It’s been a couple of months now and I’m kind of proud of myself. I’d like to say I never turn on the “Magic Box” but that isn’t true. I watch a little of what our antenna picks up and supplement it with shows we get through Hulu. But within a few seconds, I see what’s on and make my choice. Most of the time, I turn it off.

The biggest difference I’ve noticed is that now my entire family reads more books. In this low-tech form of entertainment, I’ve found what I truly longed for. . . compelling characters that are there for me at precisely the moment I need them. I don’t need to wait for prime time for witty dialogue. I don’t need to watch pathetic reality stars willing do anything to be famous. And I no longer bemoan the fact that the censors seem to have fallen asleep, thus exposing my 9-year old to curse words and sexual innuendo. That’s because I’m reading a thriller while my husband reads a sci-fi and my daughter reads about cats.

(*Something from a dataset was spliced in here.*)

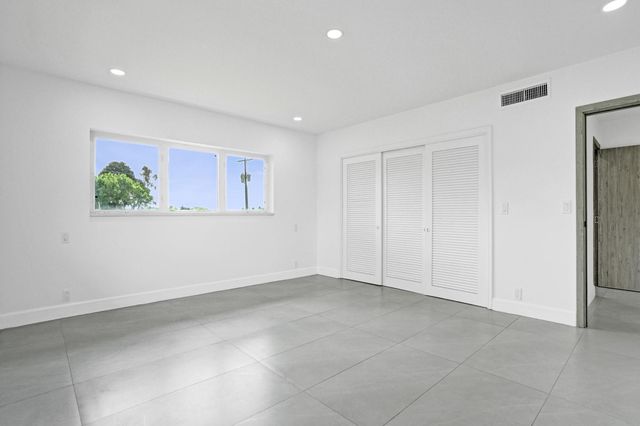 6700 E Tropical Way, Plantation, FL 33317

I never would’ve guessed that I’d voluntarily walk away from television. You see, I grew up with frugal parents (in other words, we had no cable) who limited the amount of time I spent sitting in front of the screen. I was the only one I knew from the MTV Generation that never watched music videos. I didn’t know how to “Vogue” and I didn’t know what was so cool about “Thriller.” Part of me resented them for that.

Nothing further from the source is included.